I. La paternité-maternité spirituelle en vie baptismale
Avant d’aborder l’exercice de ce ministère en vie monastique, il faut dire que de manière générale, le sens même de la Paternité-maternité spirituelle en tant que telle, tend à s’éclipser dans l’Église catholique de tradition latine. Il est remplacé par la « direction spirituelle », « le cheminement avec », etc., expressions relativement étrangères à la Tradition monastique proprement dite. Or, il s’agit d’une réalité, certes connexe, mais d’un autre ordre.
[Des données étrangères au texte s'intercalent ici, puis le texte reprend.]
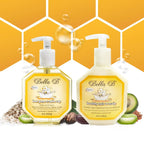 BELLA B BUNDLE Cradle Cap Shampoo & Cradle Cap Scalp Treatment And Conditioner - Baby Shampoo And Conditioner - Cradle Cap Shampoo For Babies - Kid Shampoo - Dry Scalp Shampoo And Conditioner Lootquake LLC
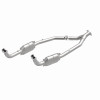 MagnaFlow Direct Fit Catalytic Converter 99-04 LR Discovery V8 OEM - 49720 360 Degree Image Set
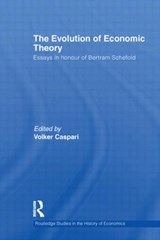 The Evolution of Economic Theory - Volker Caspari - 9780415596831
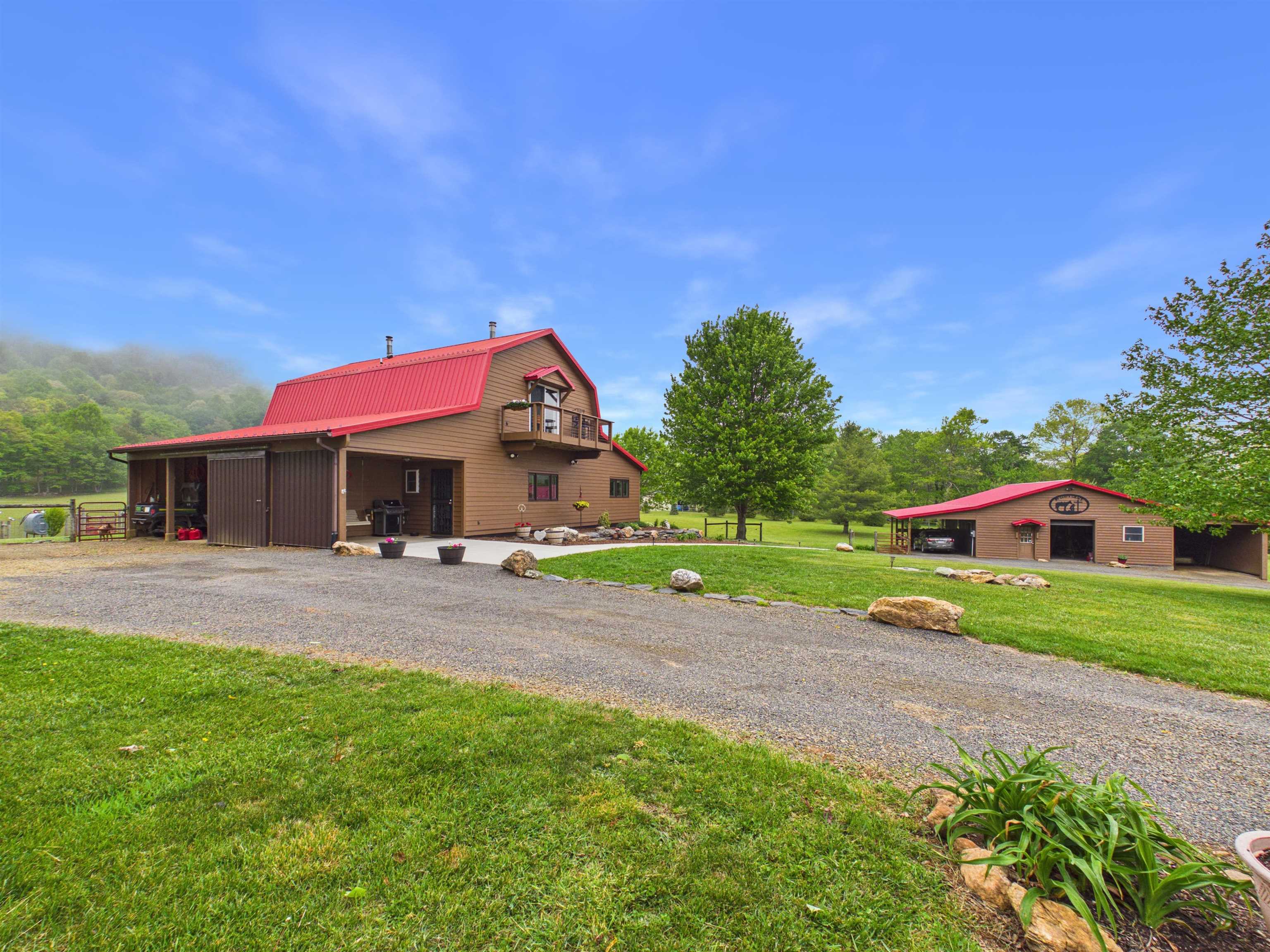 5821 Buffalo Mountain Road SW Meadows Of Dan VA 24120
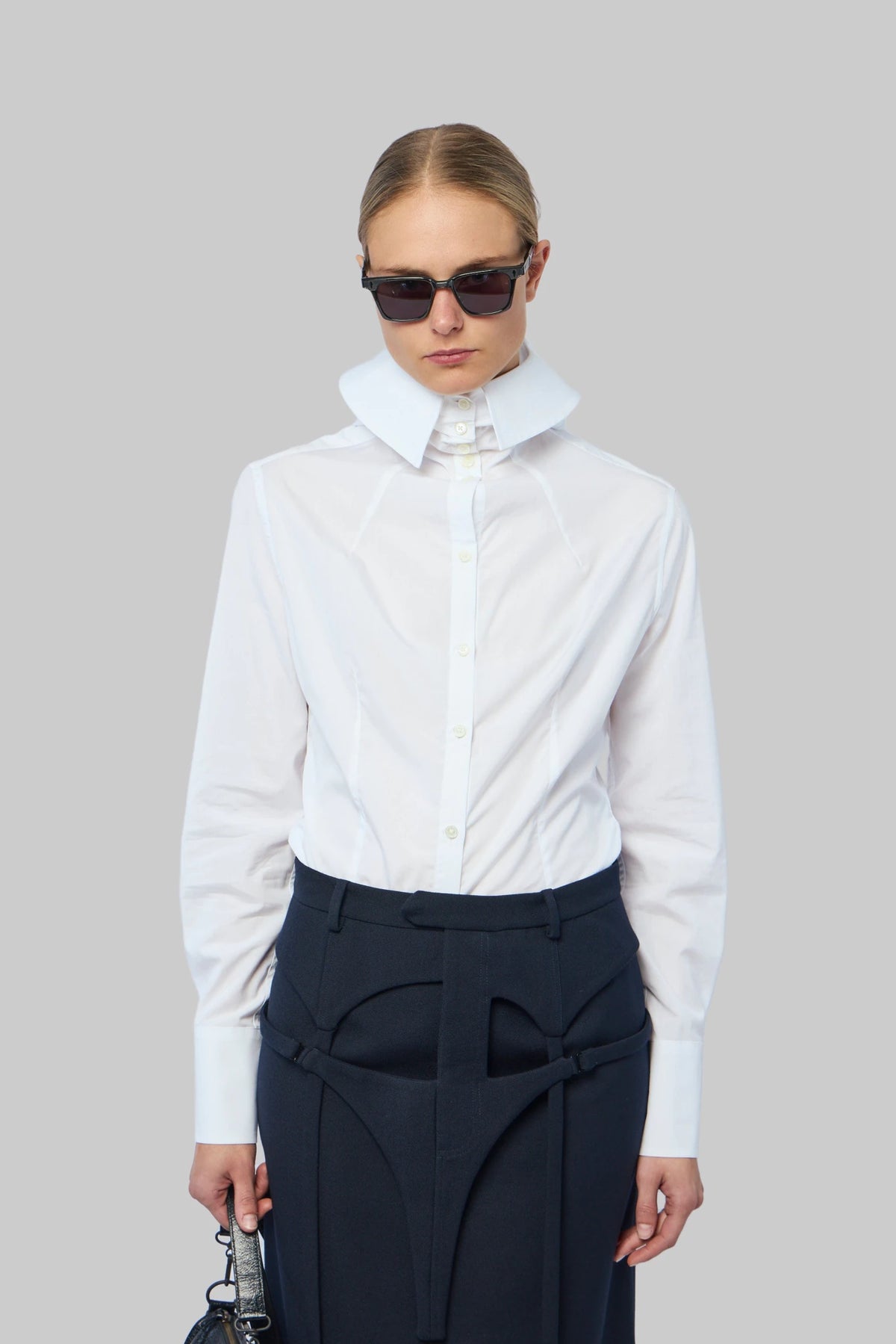 Jean Paul Gaultier - Hoodie Woman Fit Shirt - LABELS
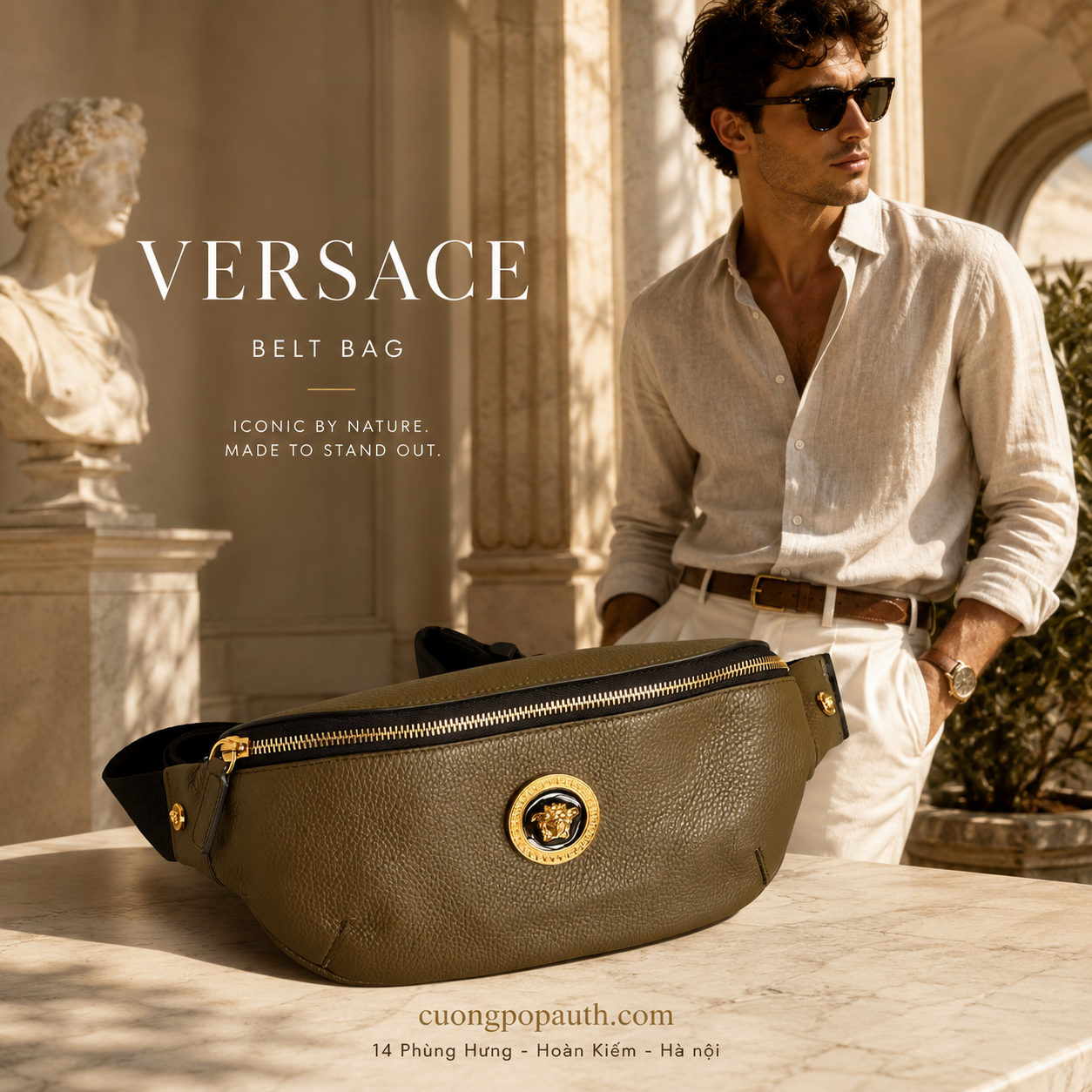 TÚI BELTBAG VERSACE K652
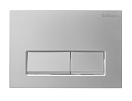 Кнопка смыва BelBagno BB-15R-IN сатин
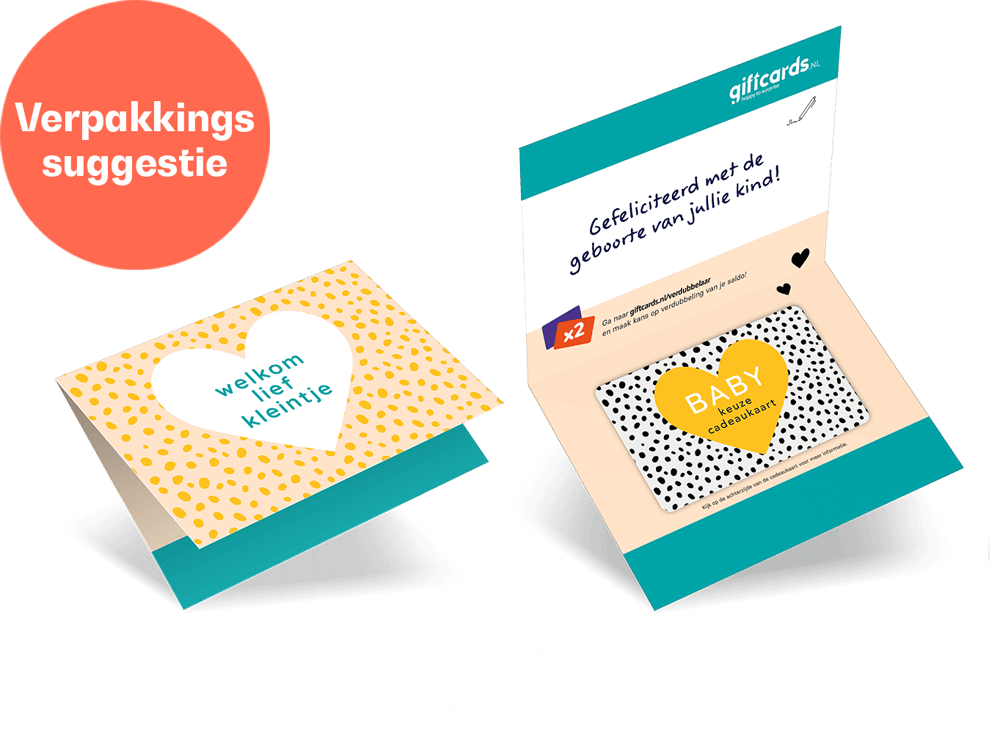 Cadeau Envelop Baby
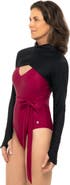 Coolibar Women's Kaycos Swim Shrug, UPF 50+ Sun Protection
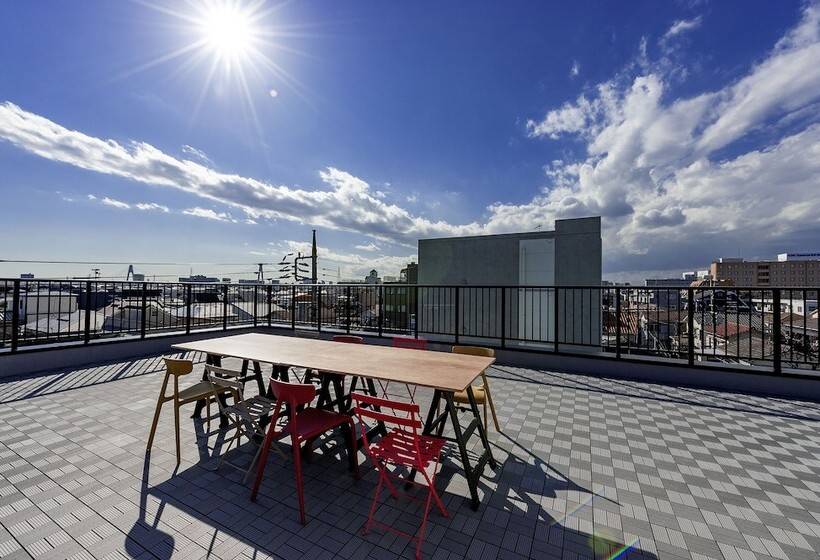 Plat Hostel Keikyu Haneda Home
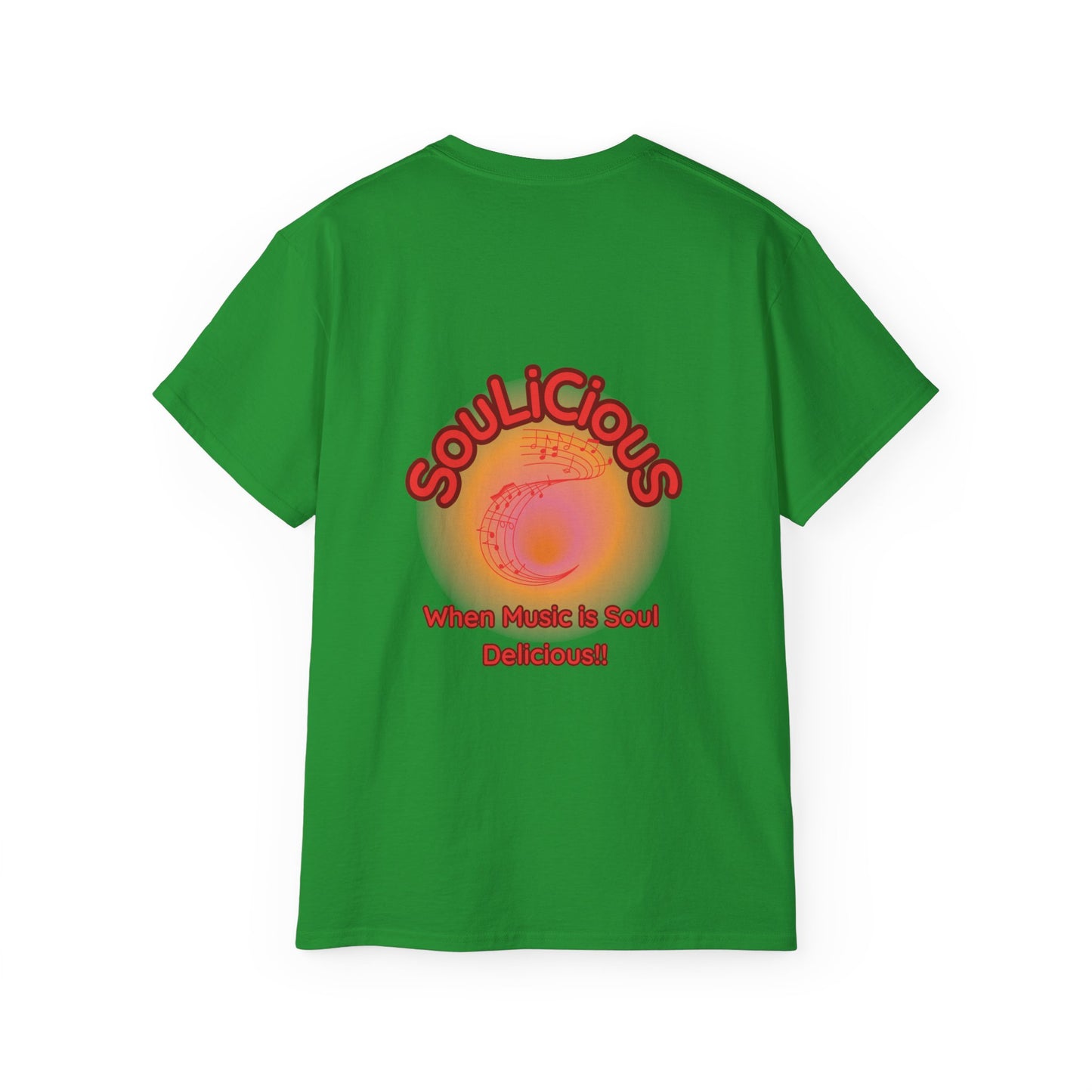 Double-Sided Print - SouLiCiouS - Unisex Ultra Cotton Tee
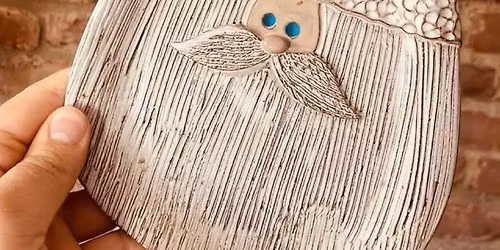 SANTA PLATE WORKSHOP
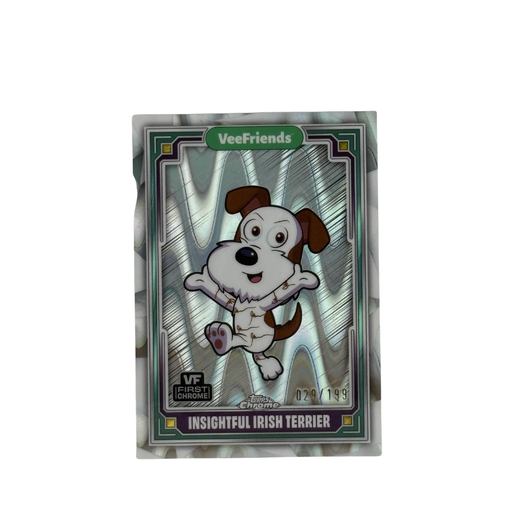 Insightful Irish Terrier Raywave Refractor (29/199) - Topps Chrome Series 1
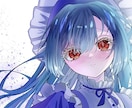 キラキラ可愛い♡アイコン等に使えるイラスト描きます キラキラで鮮やかな印象の可愛らしい絵柄をご提供致します!! イメージ5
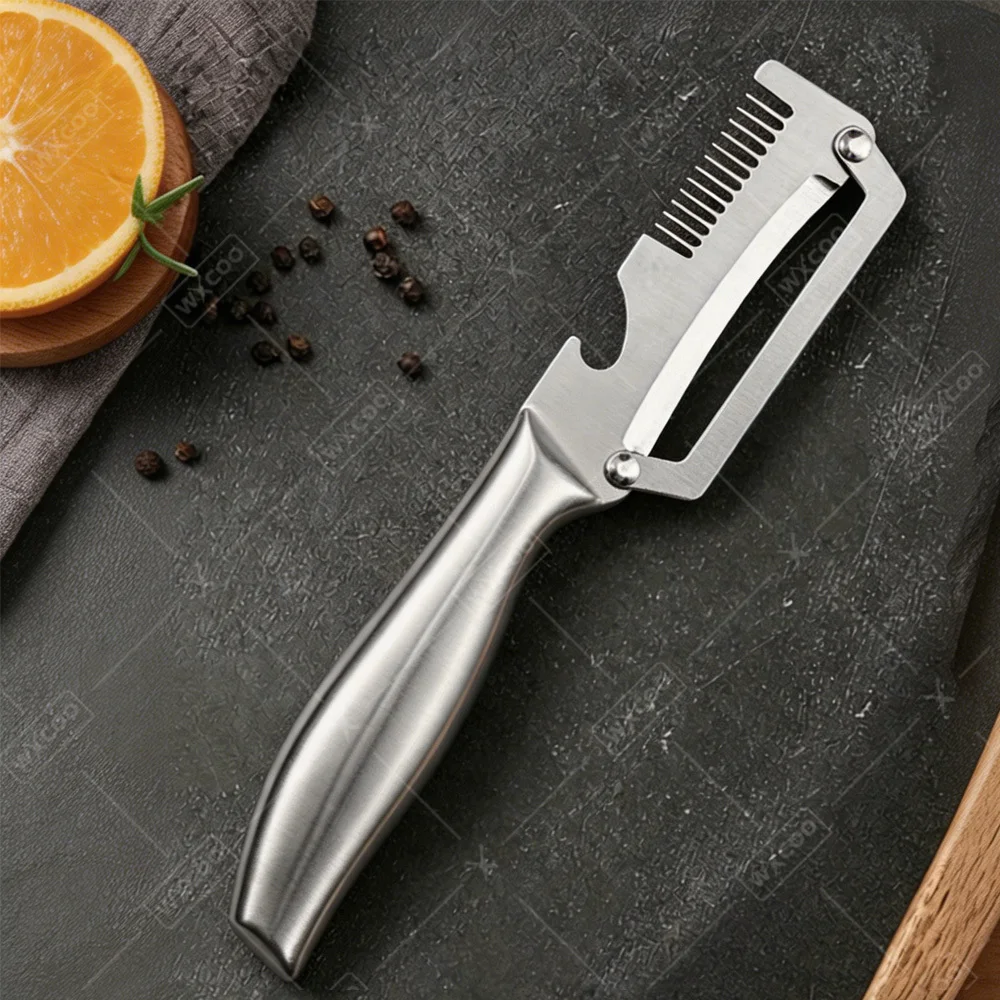 Multi-Funtion Stainless Steel Vegetable Peeler 5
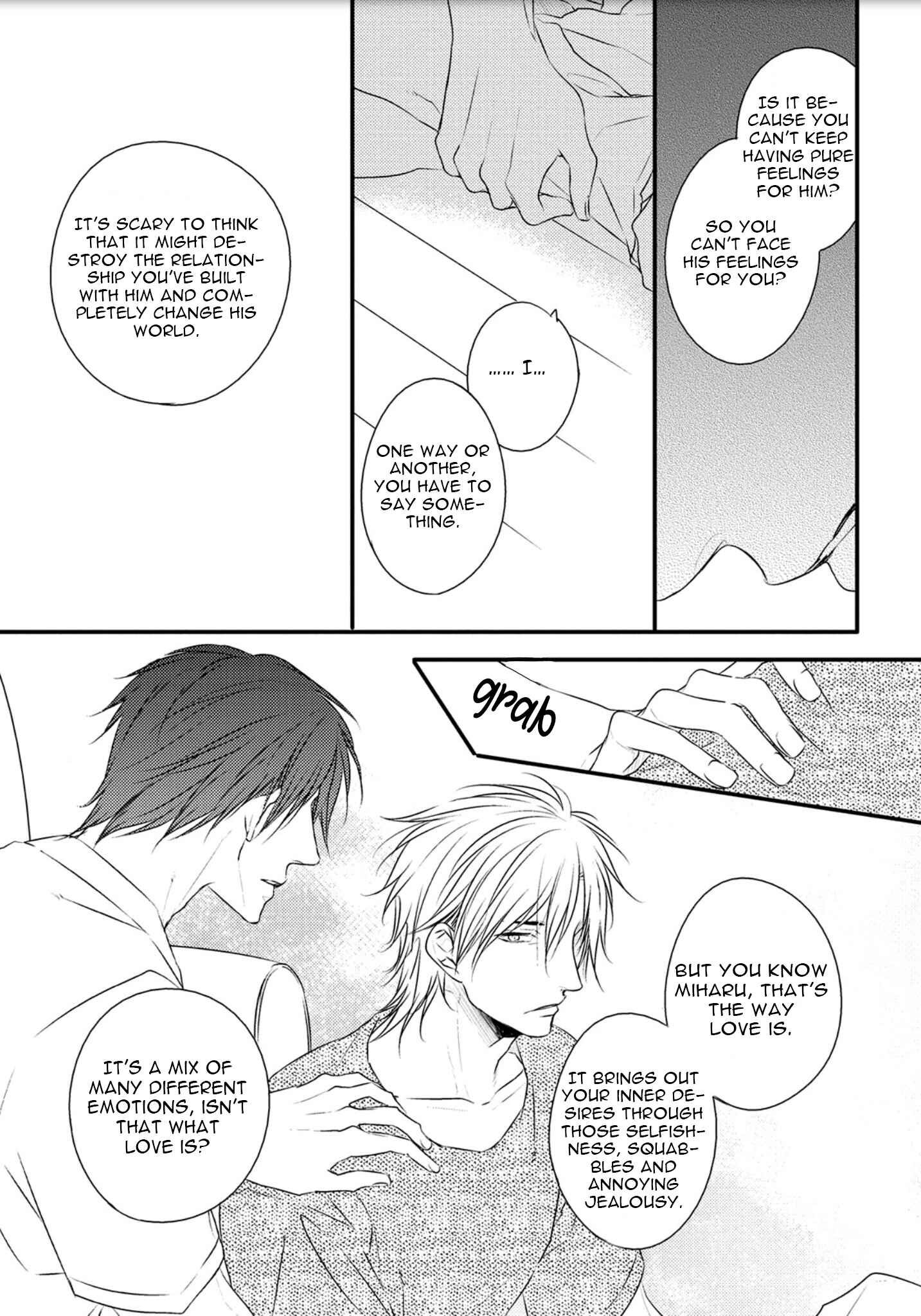 Page 6 Chapter 6 Hidamari to Bentou Danshi to
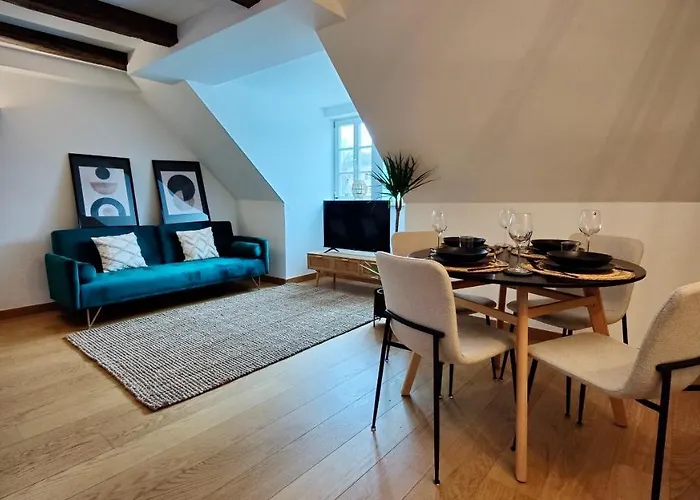 Apartamento One Apartment's Albertsplatz - Design, Altbau & Zentral Coburg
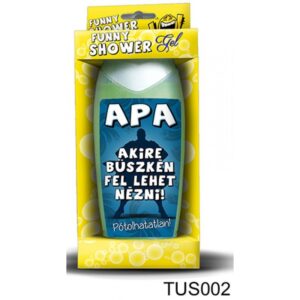 Tusfürdő 300 ml - Apa - Ajándék Apának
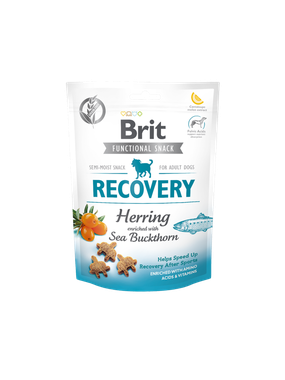 Brit Care Dog Functional Snack Recovery Hering 150 g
Participation à la Paternité du Père, ou, pour les femmes, à la Maternité de la Mère de Dieu, les mots père/mère impliquent une véritable filiation, un réel engendrement. Ils ne dirigent pas, n’accompagnent pas la personne, mais l’enfantent à sa vie divine. Dans le sillage de saint Paul aux expressions si fortes (voir I Co, 4, 14, 1 Th.2,7 Gal 4,19).
Bref, un père, mais avec le cœur d’une mère, ce qui suppose pour lui d’abord de porter l’enfant en gestation. Pour l’Orient il est tout à la fois médecin, guide, conseiller, intercesseur, médiateur, prenant sur lui les péchés de ceux qui sont confiés à son cœur. Surtout, ayant fait l’expérience directe de l’Esprit Saint, il est consolateur dans le Consolateur.
À son « géniteur spi » on doit s’ouvrir de son âme en toute simplicité et confiance. (2 Co, 6-13) Particulièrement à travers la « manifestation des pensées », (exagoreusis), lui permettant donc de les discerner. Celles venant du malin sont neutralisées ipso facto par ce dévoilement qui les arrache aux ténèbres et les projette en pleine lumière, ce qui révulse les démons. Telle est la praxis monastique traversant siècles et régions.
Précision importante : ce charisme n’est pas nécessairement lié au sacerdoce. Certains prêtres le reçoivent, bien sûr. Mais pas tous. Leur paternité s’exerce moins pour les personnes que pour la communauté dont ils sont chargés. Alors que bien des femmes, surtout consacrées le reçoivent, mais aussi certains parents. Les femmes vivent cette maternité avec une dimension très spécifique. [2]
La paternité en Orient vise la divinisation, la configuration au Christ. En Occident on tend à souligner la guérison, le mieux-être, l’épanouissement de la personne… La visée n’est pas exactement la même. En Occident, on s’occupe davantage de la personne en relation avec les autres, de ses dimensions psycho-affectives, etc.… et on risque d’en oublier l’enfant de Dieu, la grâce, la puissance des vertus, l’efficacité transformante de la Parole de Dieu… Bref le « par l’évangile… » dans 1 Cor 4,15 ainsi que le but visé : la conformité au Christ. (Encore très marquée chez les « Pères » cisterciens). Les Pères étaient de fins connaisseurs des méandres de la psychologie humaine sans pour autant verser dans l’hyperpsychologisme [3].